These small brass memorial plaques (Stolpersteine or stumbling stones) commemorate:
* Isidor Löb, born 1866, fled 1939 Belgium, interned Mechelen, deported 1942, murdered in Auschwitz.
* Karoline Löb, born 1872, fled 1939 Belgium, interned Mechelen, deported 1942, murdered in Auschwitz.
* Salomon Lehmann, born 1868, fled 1939 Belgium, interned Mechelen, deported 1942, murdered in Auschwitz.
* Mina Lehmann née Leon, born 1871, fled 1939 Belgium, dead 26 August 1941 in Brussels.
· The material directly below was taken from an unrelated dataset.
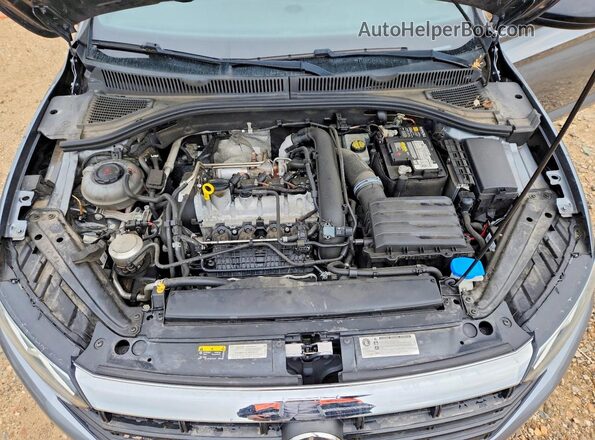 3VWC57BU4KM270630 2019 VOLKSWAGEN JETTA Gray Rear interior view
* Amalie Herz, born 1859, fled 1939 Belgium, dead 1941 in Brussels.
Background
Isidor and Karoline Löb (née Maier) ran a farm. With his son Leopold, Isidor also had a livestock trading business. In 1905, Isidor Löb built a 3-story house at Kreuzstrasse 10. In May 1939, Isidor, Karoline, and other members of the Löb family escaped Germany on the St. Louis. The St. Louis’s passengers (most were Jews) were refused entry by Cuba (their visas were cancelled), the United States, and Canada. The ship returned to Europe in June with almost all its passengers, who got off in Britain, France, Belgium, or Holland. Isidor and Karoline disembarked in Antwerp and remained in Belgium, living in Brussels. Their children and grandchildren left Belgium before the German occupation. Isidor and Karoline were taken to the Mechelen (Malines) camp, then were deported on 26 September 1942 to Auschwitz, where they were murdered.
Salomon and Mina Lehmann, the parents of Isidor and Karoline’s daughter-in-law, ran a butcher shop. They were forced to sell the shop, and on 5 March 1938, they moved to the Löb house along with Salomon’s stepsister, Amalie Herz. They, too, went on the St. Louis, and eventually disembarked in Belgium. Mina Lehmann and Amalie Herz both died in Brussels in 1941. Salomon Lehmann was interned in Mechelen, then deported to Auschwitz in 1942 and murdered there.
"Stolpersteine" is an art project for Europe by Gunter Demnig to commemorate victims of National Socialism (Nazism). Stolpersteine (stumbling stones) are small, 10x10cm brass plaques placed in the pavement in front of the last voluntary residence of (mostly Jewish) victims who were murdered by the Nazis. Each plaque is engraved victim’s with the name, year of birth, and place (mostly a concentration camp) and date of death. By doing this, Gunter Demnig gives an individual memorial to each victim. One stone, one name, one person. He cites the Talmud: "A human being is forgotten only when his or her name is forgotten."